From THE DIVINE COMMODITY by SKYE JETHANI: ..an increasing number of young people – as many as 250,000 new ones every day – use [social networking sites] to mediate nearly all of their personal interactions. But rather than encouraging healthy relationships with real people, these sites foster pseudo-relationships through shallow identities. Beyond demographic details like a person’s age, gender, religion, or sexual orientation, a user’s Facebook page reveals identity primarily through their consumer preferences: favorite music, favorite books, and favorite TV shows. Combined with photos and other carefully, or carelessly, selected materials, we are invited to present a “profile” to others that amounts to a digital facade.
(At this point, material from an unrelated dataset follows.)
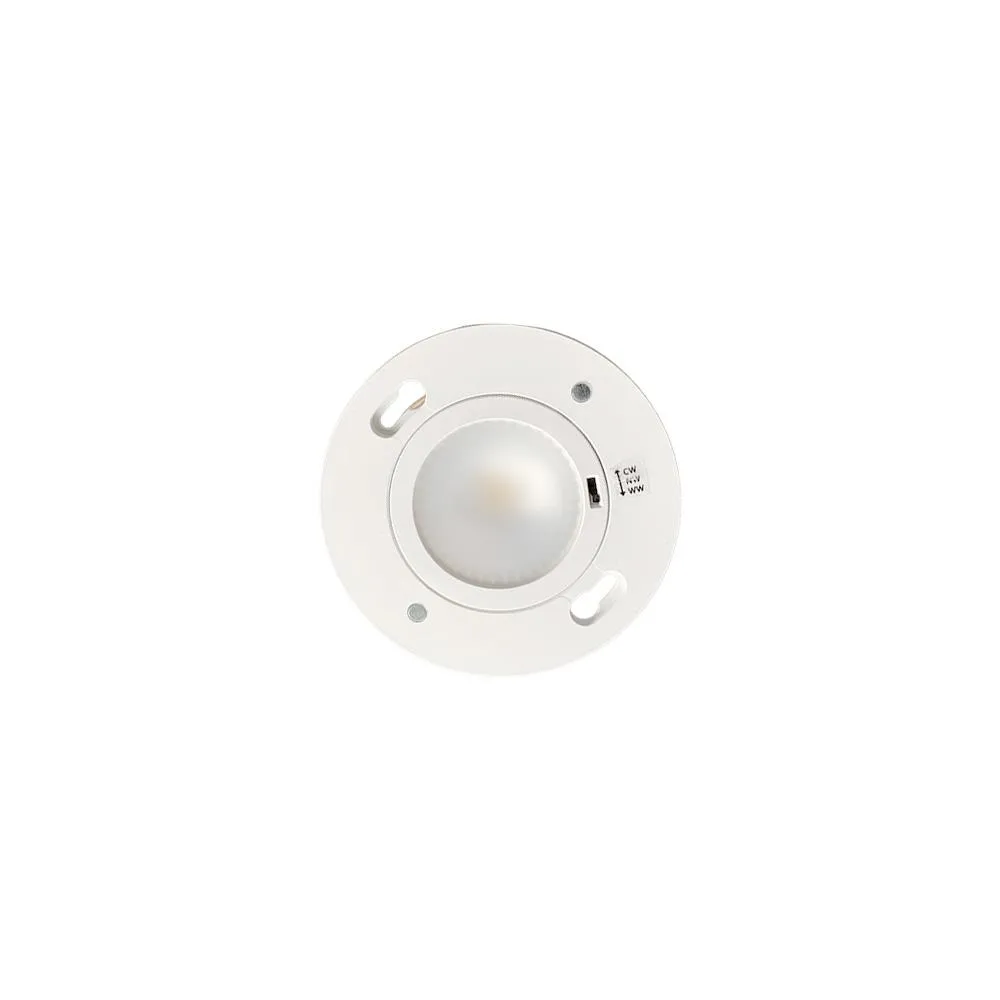 LED CCT Selectable Round Puck Lights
And by “friending” someone on the site we aren’t actually committing to a relationship, but simply allowing them a closer look at our phantom consumer identity.
The appeal of social networking sites is the ability to simultaneously have hundreds of “friends” without actually risking the emotional investment of a real human relationship. As a result, relying on these sites for the bulk of one’s relationships may exacerbate the aching loneliness we feel in our souls. (Book tour begins tomorrow, April 16th)
From CHRIS HUGHES, co-founder of Facebook and co-creator of MyBarakObama.com, reported in FAST COMPANY March 2009: I don’t really know what ‘community’ means. And I never use that word…I just never think of myself as being in the business of building an online community.
It doesn’t matter if it’s a company or a campaign; you build around commonality. If it’s real people and real communities, then it’s valuable. Otherwise it’s just playing around online.